While listening to an interview with one of the Dalai Lama's principal English translators, I learned the most stunning thing about the original meaning of the word "Meditation". Sometimes while "meditating", I often wonder if I might be doing something wrong b/c I don't get nearly as much out of empty mental gazing, as I do from a gentle investigation of whatever it is that arises in my immediate experience. Of course, I probably wouldn't be capable of the kind of investigation I'm speaking of if I didn't also know how to access the neutral curiosity that gets strengthened by those practices that value this process of "stilling" or "emptying" the mind.
According to this interview, however, the English word "meditation" is being used as a translation of the Sanskrit term (bhavana), and the Tibetan term (gom). The Sanskrit word bhavana has an alive quality to it that means something like cultivation, like cultivating a field. While the Tibetan word gom has the connotation of familiarity, but also suggests a process of familiarity rather than a static state of familiarity. So, arguably meditation can understood (at least, in part) as a process of discernment that has movement through stages and layers of discovery.
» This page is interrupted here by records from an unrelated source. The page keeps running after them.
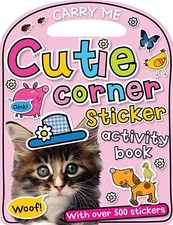 FUN ON THE RUN: CUTIE CORNER STICKER ACTIVITY BOOK By Thomas Nelson *Excellent*
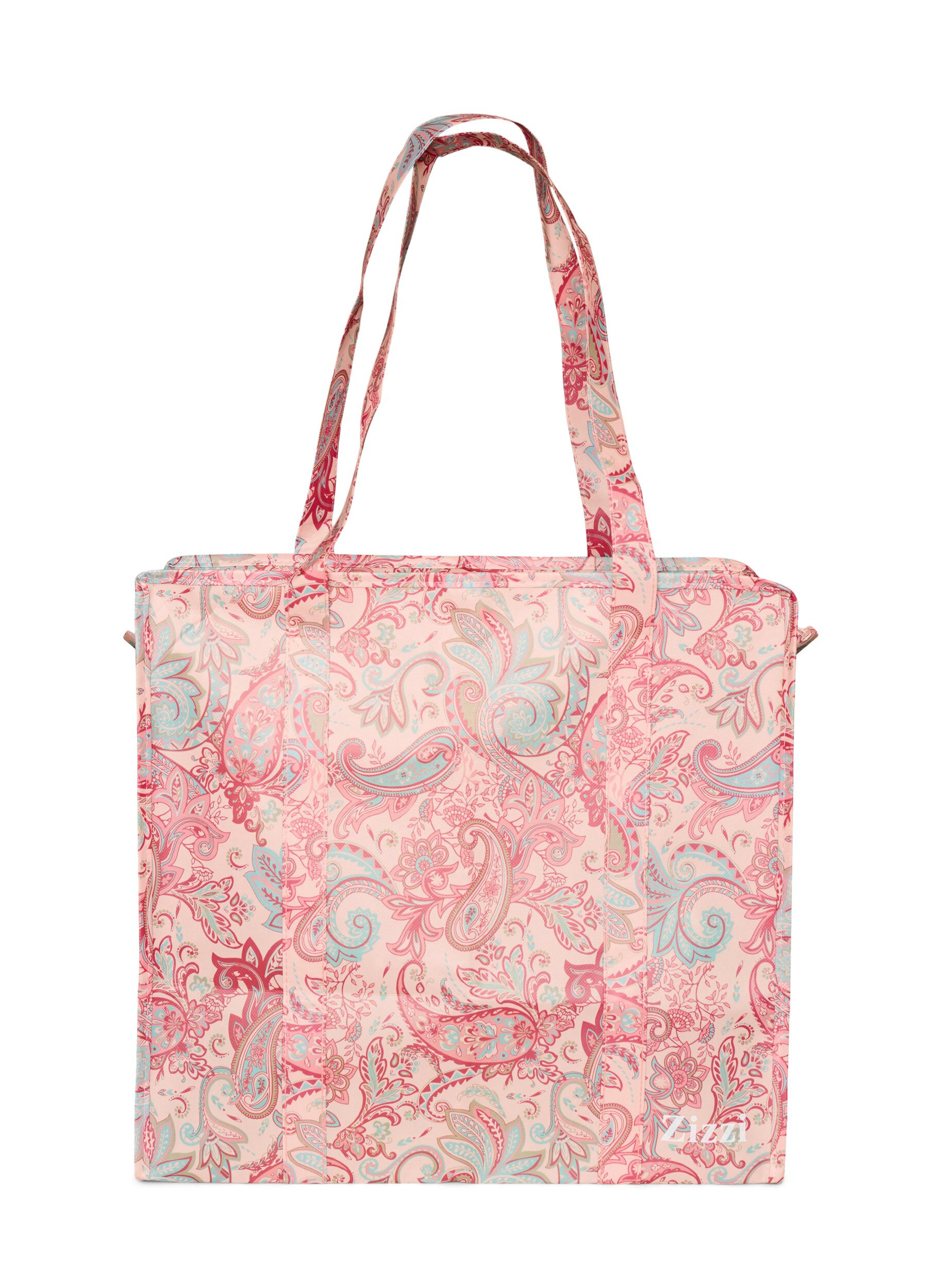 ZizziShoppingtas met ritssluiting, Rood, Packshot image number 1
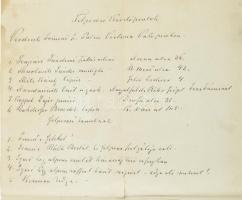 1897 Füzesséry Géza (1831-1909) köz és váltóügyvéd, 1848-49-ben honvédszázados, felperesi kérdőponto...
Consequently, meditation is a practice aimed at acquiring knowledge -- maybe the kind of true knowledge that available through sincere contact with direct experience.
The word sincere begs a little translation here too. Sincere - meaning "without wax", from the Latin words “sin” (without) and “cera” (wax). Apparently, this phrase "without wax" first became widespread during the height of Roman and Greek sculpture artistry. When a sculpture had a flaw, artists would often fill cracks or flaws in the work with wax to match the marble, masking the imperfections. An honest artist would create pieces of work "without wax". For me, cultivating a practice of sincere contact with direct experience (both inner and outer) means trying to approach the immediate moment without the layers of self-deception, denial, and glossing over that so often cover over the truth that can be found there.
Curiously, a good teacher once said this to me about the practice of meditation: "Even one sincere breath is a full practice".